So I hope you can see where I am going with this.  If we use this same relevant principles from your original proof, even though it still seems totally sound, you say that every natural number is in the second list.

5 hours ago, joigus said:

At the root of it all, I think, is @Boltzmannbrain's remarkable inability --or stubbornness to not recognise-- the limit operation, which in common language is captured by the words "and so on."

That is,

1

1, 2

1, 2, 3

and so on.

Don't look now BB, but these are the words you're having a problem with.

Embrace infinity.

I don't agree.  The more I look into all of this the more strange and complicated it is.  

1 hour ago, Genady said:

That is what that proof was about.
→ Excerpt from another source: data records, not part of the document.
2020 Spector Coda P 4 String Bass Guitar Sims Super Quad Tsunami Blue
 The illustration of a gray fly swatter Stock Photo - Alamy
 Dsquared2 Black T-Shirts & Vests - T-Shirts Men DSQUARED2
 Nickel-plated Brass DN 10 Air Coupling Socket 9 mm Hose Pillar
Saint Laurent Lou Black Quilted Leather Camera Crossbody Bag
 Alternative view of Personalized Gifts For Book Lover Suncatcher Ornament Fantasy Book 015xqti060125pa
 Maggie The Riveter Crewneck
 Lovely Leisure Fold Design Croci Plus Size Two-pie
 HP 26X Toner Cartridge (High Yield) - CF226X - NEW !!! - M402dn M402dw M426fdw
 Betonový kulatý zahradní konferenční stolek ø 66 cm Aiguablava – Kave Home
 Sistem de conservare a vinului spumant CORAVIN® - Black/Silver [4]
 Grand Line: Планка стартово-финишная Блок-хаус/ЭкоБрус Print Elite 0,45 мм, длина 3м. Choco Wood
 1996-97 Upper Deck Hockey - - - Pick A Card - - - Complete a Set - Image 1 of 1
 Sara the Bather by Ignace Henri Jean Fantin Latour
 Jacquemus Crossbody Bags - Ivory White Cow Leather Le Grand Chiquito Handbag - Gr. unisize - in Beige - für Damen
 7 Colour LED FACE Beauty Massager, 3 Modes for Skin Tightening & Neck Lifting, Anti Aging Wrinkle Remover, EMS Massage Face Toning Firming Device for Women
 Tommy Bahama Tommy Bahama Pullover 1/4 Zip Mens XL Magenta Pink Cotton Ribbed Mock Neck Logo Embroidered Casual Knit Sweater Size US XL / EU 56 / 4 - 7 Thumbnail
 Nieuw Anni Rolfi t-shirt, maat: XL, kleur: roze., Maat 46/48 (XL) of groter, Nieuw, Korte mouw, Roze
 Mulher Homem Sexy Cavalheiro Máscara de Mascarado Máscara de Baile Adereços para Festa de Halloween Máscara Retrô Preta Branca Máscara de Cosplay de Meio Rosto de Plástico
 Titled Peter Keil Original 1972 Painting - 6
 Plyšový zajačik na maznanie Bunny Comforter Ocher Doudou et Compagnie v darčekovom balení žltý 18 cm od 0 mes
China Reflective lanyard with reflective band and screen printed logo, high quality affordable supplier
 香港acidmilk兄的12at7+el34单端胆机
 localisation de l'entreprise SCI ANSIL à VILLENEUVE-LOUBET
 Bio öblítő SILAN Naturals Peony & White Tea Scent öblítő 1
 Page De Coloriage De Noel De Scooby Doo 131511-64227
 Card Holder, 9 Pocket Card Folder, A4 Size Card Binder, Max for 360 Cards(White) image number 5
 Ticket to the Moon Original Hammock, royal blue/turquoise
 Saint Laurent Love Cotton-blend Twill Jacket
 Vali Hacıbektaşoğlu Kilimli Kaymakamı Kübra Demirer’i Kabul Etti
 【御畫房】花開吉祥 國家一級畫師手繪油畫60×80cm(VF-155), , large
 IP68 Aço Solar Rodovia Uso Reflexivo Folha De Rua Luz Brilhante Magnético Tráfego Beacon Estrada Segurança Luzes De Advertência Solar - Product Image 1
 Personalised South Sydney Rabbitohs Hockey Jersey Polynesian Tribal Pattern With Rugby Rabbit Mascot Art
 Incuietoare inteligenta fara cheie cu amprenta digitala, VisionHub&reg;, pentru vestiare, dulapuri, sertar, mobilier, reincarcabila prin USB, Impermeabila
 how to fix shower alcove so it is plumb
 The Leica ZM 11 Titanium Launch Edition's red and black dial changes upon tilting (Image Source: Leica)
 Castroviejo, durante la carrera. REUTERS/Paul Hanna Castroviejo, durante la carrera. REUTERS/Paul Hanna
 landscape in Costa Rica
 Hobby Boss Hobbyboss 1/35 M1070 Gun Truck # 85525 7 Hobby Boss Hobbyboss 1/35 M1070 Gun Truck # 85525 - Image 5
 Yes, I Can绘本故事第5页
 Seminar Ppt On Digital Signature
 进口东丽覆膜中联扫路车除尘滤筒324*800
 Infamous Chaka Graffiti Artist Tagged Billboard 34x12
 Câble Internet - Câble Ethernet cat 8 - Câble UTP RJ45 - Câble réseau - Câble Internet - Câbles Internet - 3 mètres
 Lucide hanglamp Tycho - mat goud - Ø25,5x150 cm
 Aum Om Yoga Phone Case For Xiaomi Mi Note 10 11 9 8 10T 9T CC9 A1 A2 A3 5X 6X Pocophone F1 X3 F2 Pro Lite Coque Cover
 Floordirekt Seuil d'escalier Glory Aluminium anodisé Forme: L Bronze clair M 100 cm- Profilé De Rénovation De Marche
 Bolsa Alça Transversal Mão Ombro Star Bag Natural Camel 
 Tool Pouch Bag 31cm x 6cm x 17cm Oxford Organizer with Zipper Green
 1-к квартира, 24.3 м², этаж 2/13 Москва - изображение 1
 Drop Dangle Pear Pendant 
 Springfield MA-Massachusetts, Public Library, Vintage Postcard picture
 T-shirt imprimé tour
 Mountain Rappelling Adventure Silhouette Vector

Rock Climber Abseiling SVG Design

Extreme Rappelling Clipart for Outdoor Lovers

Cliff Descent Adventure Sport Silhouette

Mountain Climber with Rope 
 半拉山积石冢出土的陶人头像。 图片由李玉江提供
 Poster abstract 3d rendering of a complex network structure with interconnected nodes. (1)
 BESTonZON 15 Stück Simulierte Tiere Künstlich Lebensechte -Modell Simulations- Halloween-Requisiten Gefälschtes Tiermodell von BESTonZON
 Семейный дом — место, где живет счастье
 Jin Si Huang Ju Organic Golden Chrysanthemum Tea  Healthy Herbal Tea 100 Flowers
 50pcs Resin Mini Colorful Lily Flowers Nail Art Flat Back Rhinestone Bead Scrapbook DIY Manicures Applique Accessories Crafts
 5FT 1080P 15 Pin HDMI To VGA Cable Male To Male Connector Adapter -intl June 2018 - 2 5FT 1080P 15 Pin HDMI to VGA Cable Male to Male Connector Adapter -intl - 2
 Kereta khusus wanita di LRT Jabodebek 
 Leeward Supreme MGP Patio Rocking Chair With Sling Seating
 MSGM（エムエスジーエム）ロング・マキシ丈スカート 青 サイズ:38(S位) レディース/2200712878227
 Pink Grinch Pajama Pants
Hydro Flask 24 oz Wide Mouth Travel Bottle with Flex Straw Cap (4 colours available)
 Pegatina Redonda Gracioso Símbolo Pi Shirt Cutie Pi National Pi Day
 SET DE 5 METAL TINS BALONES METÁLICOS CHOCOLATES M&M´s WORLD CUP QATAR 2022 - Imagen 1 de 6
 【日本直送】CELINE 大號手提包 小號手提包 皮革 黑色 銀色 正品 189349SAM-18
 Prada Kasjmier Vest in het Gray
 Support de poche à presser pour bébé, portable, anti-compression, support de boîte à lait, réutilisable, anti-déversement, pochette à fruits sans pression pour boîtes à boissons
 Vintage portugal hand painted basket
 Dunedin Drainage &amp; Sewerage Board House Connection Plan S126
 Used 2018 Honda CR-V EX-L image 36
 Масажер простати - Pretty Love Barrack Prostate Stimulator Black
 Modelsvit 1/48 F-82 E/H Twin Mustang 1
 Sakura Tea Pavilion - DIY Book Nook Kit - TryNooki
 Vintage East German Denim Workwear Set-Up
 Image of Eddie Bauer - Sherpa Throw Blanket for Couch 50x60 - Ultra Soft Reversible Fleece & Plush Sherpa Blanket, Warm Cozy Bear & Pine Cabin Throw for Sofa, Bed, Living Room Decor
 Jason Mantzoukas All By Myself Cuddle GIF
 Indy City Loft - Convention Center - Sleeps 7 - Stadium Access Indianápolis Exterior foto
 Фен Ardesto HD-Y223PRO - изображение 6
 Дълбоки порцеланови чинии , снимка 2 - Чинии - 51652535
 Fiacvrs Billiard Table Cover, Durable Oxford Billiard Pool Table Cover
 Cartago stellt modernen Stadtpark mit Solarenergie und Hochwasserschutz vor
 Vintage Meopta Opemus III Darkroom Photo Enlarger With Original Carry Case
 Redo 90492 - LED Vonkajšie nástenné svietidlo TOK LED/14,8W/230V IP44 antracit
If it is not relevant anymore, fine.

I thought the proof (second proof) proved that every natural number cannot be listed alone in its own set.

5 hours ago, studiot said:

 

Let's revisit your opening post from a new point of view.

 

The sets

{1}
{1, 2}
{1, 3}
etc

Are all finite sets.

This means that if I write out their contents as a series,

The partial sums are all finite.

 

Do you know what a partial sum is ?

For the three example sets they are

1

1, 3

1,3, 6

 

The last sum always arrives at a finite number.

In other words the series is always convergent or unconditionally convergent.

 

Now look at what happens with infinite series.

 

The 1, 3, 6  pattern goes on forever, getting larger and large at every partial sum.

That is the infinite series is divergent.

 

You can add or subtract or do other more complicated arithmetic with any of these finite series, by replacing the series with its final partial sum.

So {1+2}  + {1+2+3}  = 3 + 6 = 9

 

but what happens if you try to perform these tasks with an infinite series ?

 

{1+2}   + {1 +2 + 3+ 4...}  =  {1+2} + N  =  3  +  ???

This is the problem lying at the base of simple set theory

 

Note some infinite series are convergent for example the series  1/n².

 

So as soon as you try to introduce N into your list of sets, you loose all the set operations  -Union, sum, difference etc.

I understand partial sums, and I think I understand the rest of what you are saying here.  But I do not understand how this addresses the post you quoted.  The list I made on page 2 is suppose to have every natural number as every row maps to every n in N.  At least that's what I wanted.

My main question is whether or not every natural number would be listed alone in its own set.

2 minutes ago, Genady said:

I mean the same that it means in math.

 

I see that.

Why would I think that the set of natural numbers would be there?  I don't understand what you are getting at.